(Beginning of PROVIDED MATERIAL)
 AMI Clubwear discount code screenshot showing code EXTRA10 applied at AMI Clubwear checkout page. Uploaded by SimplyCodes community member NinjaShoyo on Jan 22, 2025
(End of PROVIDED MATERIAL)
(Beginning of PROVIDED MATERIAL)
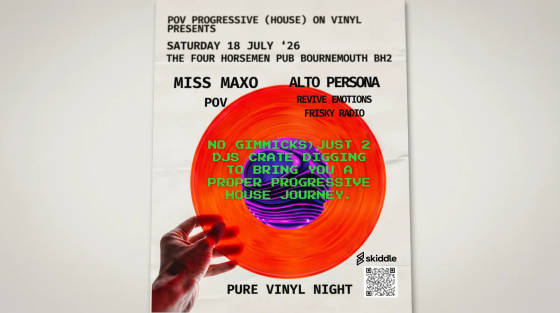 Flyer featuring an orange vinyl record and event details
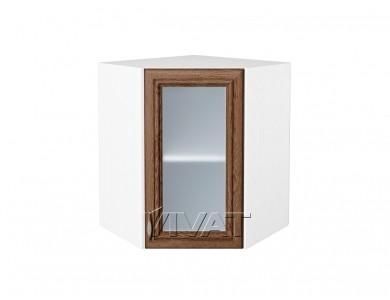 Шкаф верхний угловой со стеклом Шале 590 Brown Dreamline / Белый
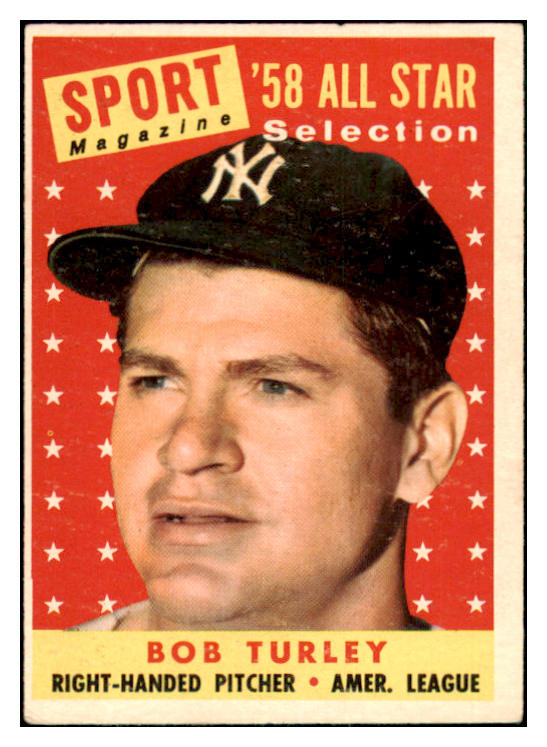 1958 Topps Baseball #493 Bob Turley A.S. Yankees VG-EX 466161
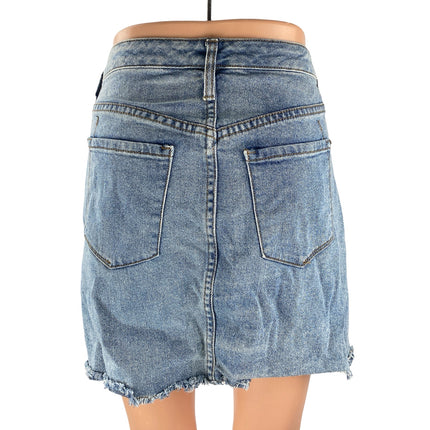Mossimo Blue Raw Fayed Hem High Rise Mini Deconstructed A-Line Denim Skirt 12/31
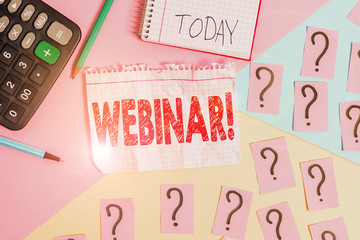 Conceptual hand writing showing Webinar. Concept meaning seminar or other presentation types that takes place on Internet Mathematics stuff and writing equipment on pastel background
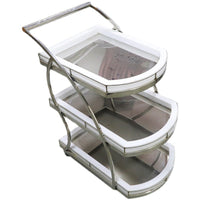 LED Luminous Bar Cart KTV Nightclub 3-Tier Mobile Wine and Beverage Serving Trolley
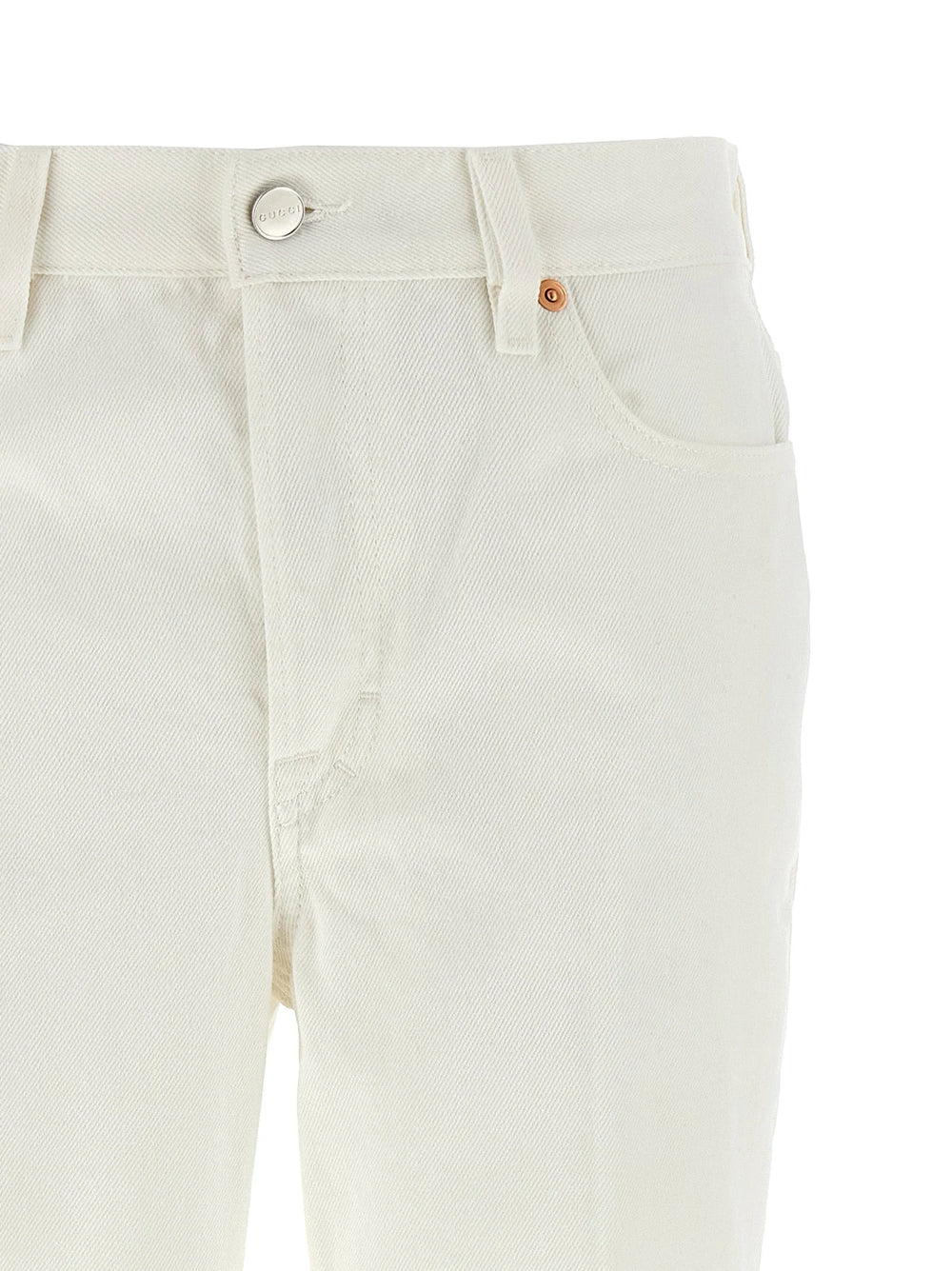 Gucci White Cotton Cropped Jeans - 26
(End of PROVIDED MATERIAL)
(Beginning of PROVIDED MATERIAL)
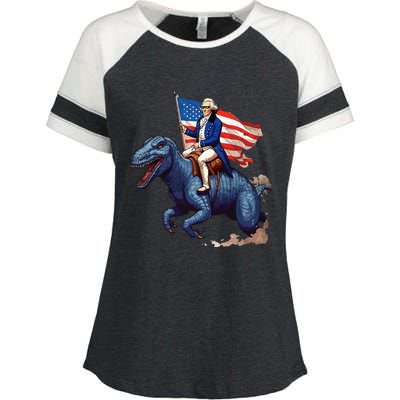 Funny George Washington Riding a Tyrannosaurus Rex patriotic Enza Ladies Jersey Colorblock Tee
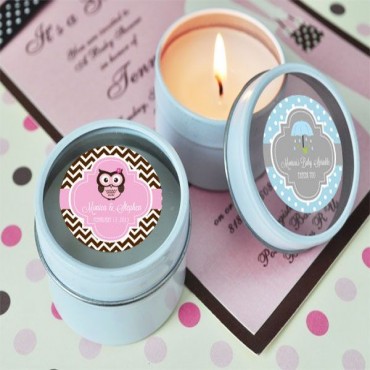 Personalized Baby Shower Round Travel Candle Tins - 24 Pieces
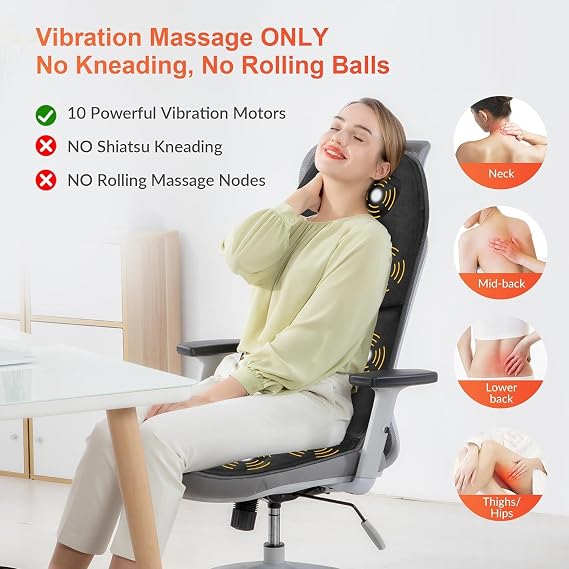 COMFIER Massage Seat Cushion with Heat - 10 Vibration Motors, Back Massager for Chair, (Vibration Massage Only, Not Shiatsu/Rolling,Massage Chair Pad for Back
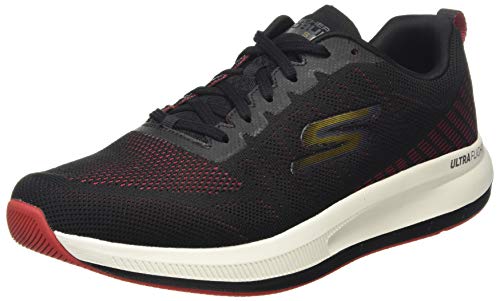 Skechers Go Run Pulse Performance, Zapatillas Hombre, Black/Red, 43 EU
(End of PROVIDED MATERIAL)
Pictures in the entries do not go into the copy. Print only the lines starting at the one containing "Шкаф верхний угловой" and ending at the one containing "Gucci White Cotton Cropped Jeans - 26", exactly as they appear.

ANSWER AREA:
 Шкаф верхний угловой со стеклом Шале 590 Brown Dreamline / Белый
 1958 Topps Baseball #493 Bob Turley A.S. Yankees VG-EX 466161
Mossimo Blue Raw Fayed Hem High Rise Mini Deconstructed A-Line Denim Skirt 12/31
 Conceptual hand writing showing Webinar. Concept meaning seminar or other presentation types that takes place on Internet Mathematics stuff and writing equipment on pastel background
 LED Luminous Bar Cart KTV Nightclub 3-Tier Mobile Wine and Beverage Serving Trolley
 Gucci White Cotton Cropped Jeans - 26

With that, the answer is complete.